# AIM OF THE TASK:
Repeat all of the data word for word so that only the pictures are missing from the copy.

Pictures with short captions
━━━━━━━━━━━━━━━━━━━━
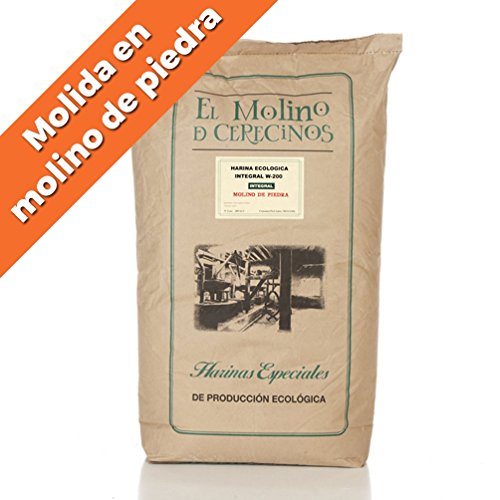 Harina de Trigo Ecológica Integral W-200 MOLINO DE PIEDRA 25 kg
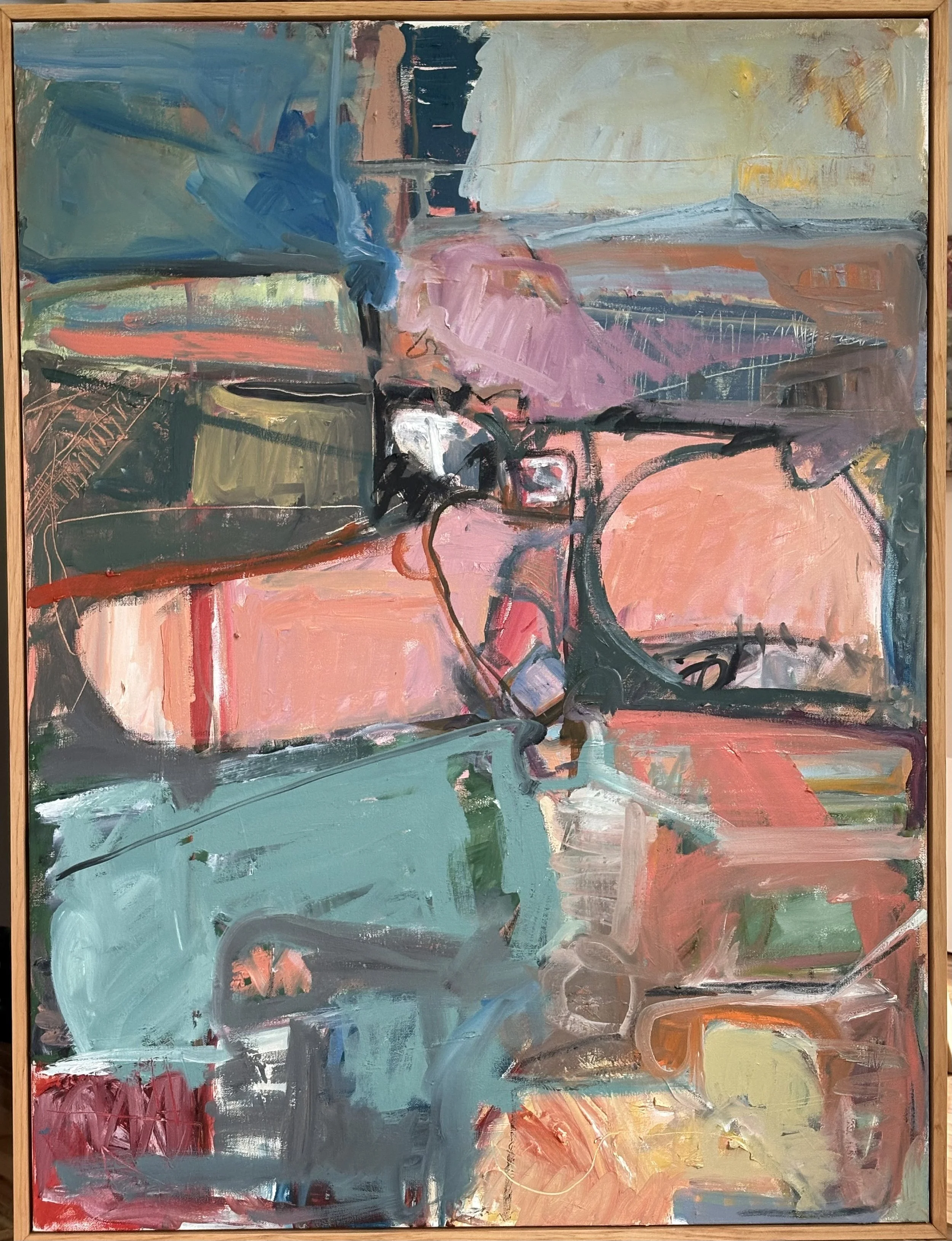 'Untitled #2' 30"x40" oil on canvas, framed 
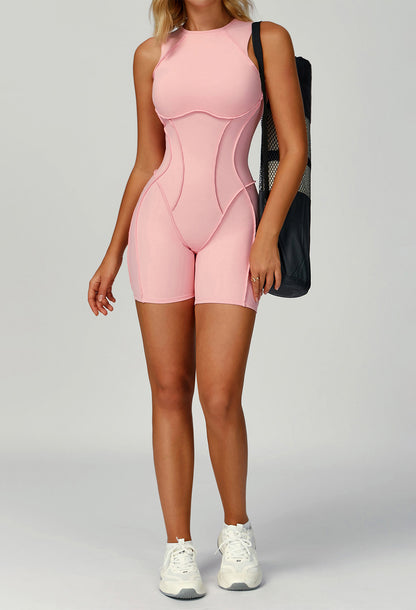 Sleeveless Backless Yoga One Piece Jumpsuits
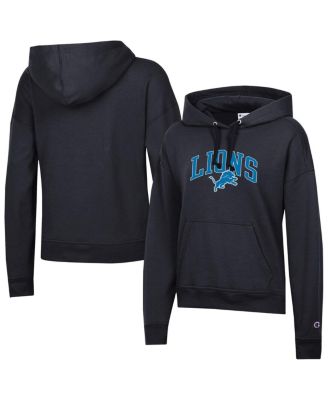 Champion - Women's Black Detroit Lions Powerblend Hoodie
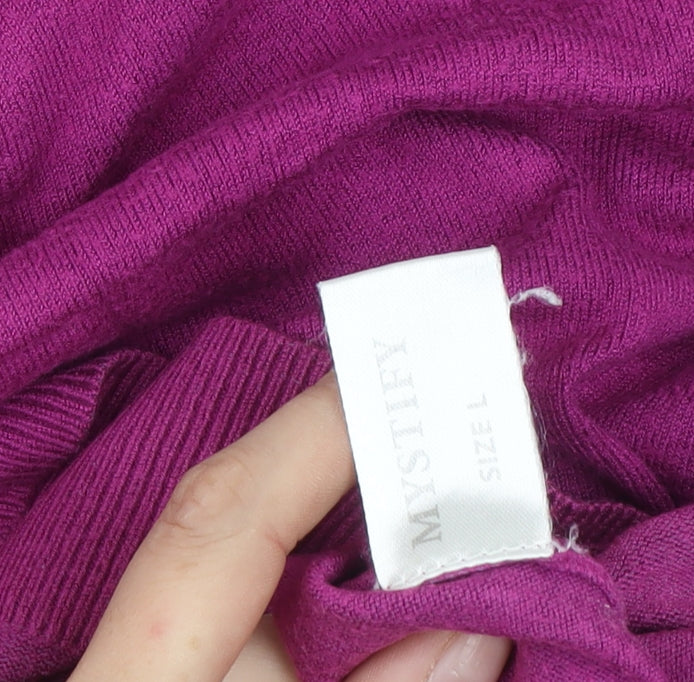 Mystify Women's Purple Mock Neck Long Sleeve Jumper L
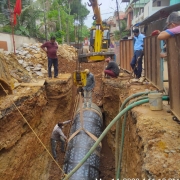 1118mm MS bend attached to fix sluice valve-1110mm at NPP Nagar, Peroorkada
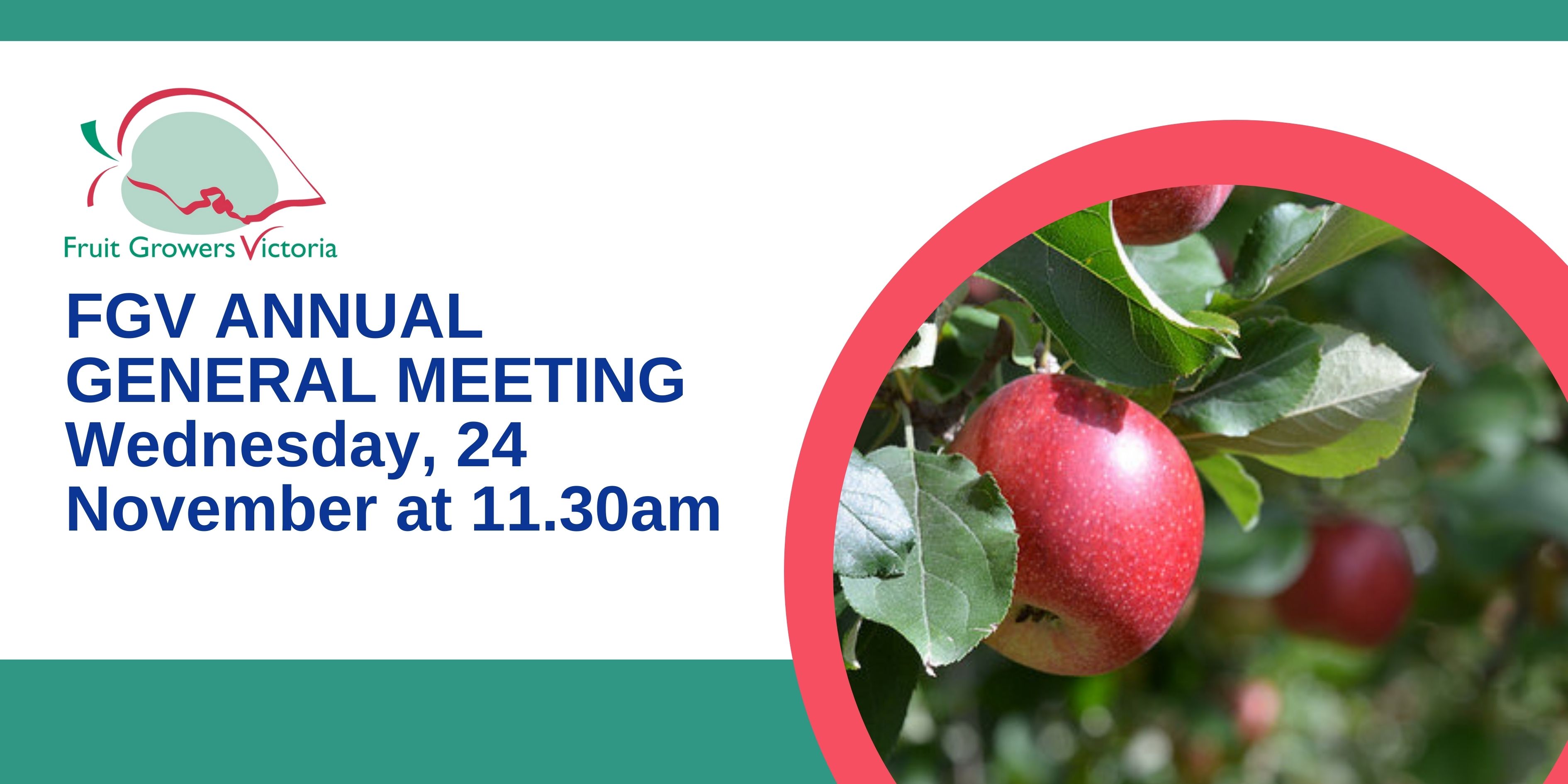 Save the Date- FGV Annual General Meeting: Wednesday 24 November at 11:30am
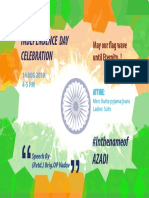 Independence Day Celebration: 14 AUG 2019 4-5 PM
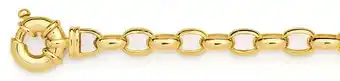 Prouds 9ct gold 19cm solid belcher bolt ring bracelet offer
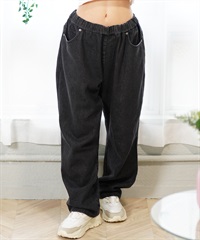 ROXY ロキシー レディース ロングパンツ ルーズシルエット ワンポイント RPT245611T(BBK-M)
━━━━━━━━━━━━━━━━━━━━
# RESULT BELOW:
 Harina de Trigo Ecológica Integral W-200 MOLINO DE PIEDRA 25 kg
 'Untitled #2' 30"x40" oil on canvas, framed 
 Sleeveless Backless Yoga One Piece Jumpsuits
 Champion - Women's Black Detroit Lions Powerblend Hoodie
 Mystify Women's Purple Mock Neck Long Sleeve Jumper L
 1118mm MS bend attached to fix sluice valve-1110mm at NPP Nagar, Peroorkada
 Save the Date- FGV Annual General Meeting: Wednesday 24 November at 11:30am
 Independence Day Celebration: 14 AUG 2019 4-5 PM
 Prouds 9ct gold 19cm solid belcher bolt ring bracelet offer
 ROXY ロキシー レディース ロングパンツ ルーズシルエット ワンポイント RPT245611T(BBK-M)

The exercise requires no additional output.